Desnecessário dizer que Hague também tagarela sobre a Síria, supostamente também não “apoiando a ideia de alguem atacar a Síria neste momento”. E esse é um problema que fede muito para o ministro das Relações Exteriores. Ela estava justamente denunciando o assassinato de Marie Colvin esta semana – eu a vi nos últimos dias da revolução egípcia, avançando, como de costume, em meio ao estouro de granadas de gás lacrimogêneo -, mas centenas de outros seres humanos inocentes foram cruelmente assassinados na Síria sem que isso provocasse um sussurro sequer de Hague. Alguns deles foram mortos pela oposição armada a Assad. O assassinato de alauitas por sunitas está se tornando terrivelmente familiar, assim como a matança de civis por fogo de artilharia do governo sírio se tornou um modelo nesta guerra terrível.

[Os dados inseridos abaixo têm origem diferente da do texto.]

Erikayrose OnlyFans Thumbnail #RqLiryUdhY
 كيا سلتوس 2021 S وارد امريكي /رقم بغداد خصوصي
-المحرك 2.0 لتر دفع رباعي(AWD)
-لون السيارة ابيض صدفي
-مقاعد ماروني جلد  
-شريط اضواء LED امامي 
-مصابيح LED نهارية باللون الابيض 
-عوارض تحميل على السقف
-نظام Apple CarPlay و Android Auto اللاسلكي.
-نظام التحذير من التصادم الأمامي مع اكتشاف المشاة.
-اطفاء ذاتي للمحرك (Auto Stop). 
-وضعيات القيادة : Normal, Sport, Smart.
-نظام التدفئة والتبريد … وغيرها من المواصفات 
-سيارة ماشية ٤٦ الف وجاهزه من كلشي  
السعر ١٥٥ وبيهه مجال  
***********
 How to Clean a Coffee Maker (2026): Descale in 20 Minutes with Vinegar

Não, nós não vamos nos envolver na Síria, muito obrigado. Porque a nova Guerra Fria na região, papagaiada por Hague, já começou na Síria, não no Irã. Os russos estão alinhados contra nós lá, apoiando Assad e denunciando-nos. Só que a reação de Putin a uma substituição de Assad é um mistério. Não será uma “nova” Síria, necessariamente, a democracia pró-Ocidente que Hague e outros gostariam de ver.

Os sírios, afinal não vão esquecer a maneira pela qual os britânicos e os americanos silenciosamente aprovaram o massacre infinitamente mais terrível de 10 mil sírios muçulmanos sunitas em Hama, em 1982. Este ano marca o 30º aniversário desse massacre, praticado pelas Brigadas de Defesa de Rifaat Ali al-Assad, tio do atual presidente Assad.

Mas, como Hague, Rifaat também tem seu “doppelgänger” (termo alemão para sósia ou duplo de uma personagem). Longe de ser o assassino de Hama – um termo que ele contesta ferozmente -, ele agora é um senhor simpático e aposentado, vivendo em grande estilo e em segurança muito próximo da mesa de Hague. Na verdade, se Hague sair do prédio do Ministério das Relações Exteriores e dobrar à esquerda ele pode encontrar e conhecer o homem pessoalmente em – onde mais ele poderia viver? – Mayfair (área nobre no centro de Londres). Agora, isso seria um desastre para os assuntos mundiais, não?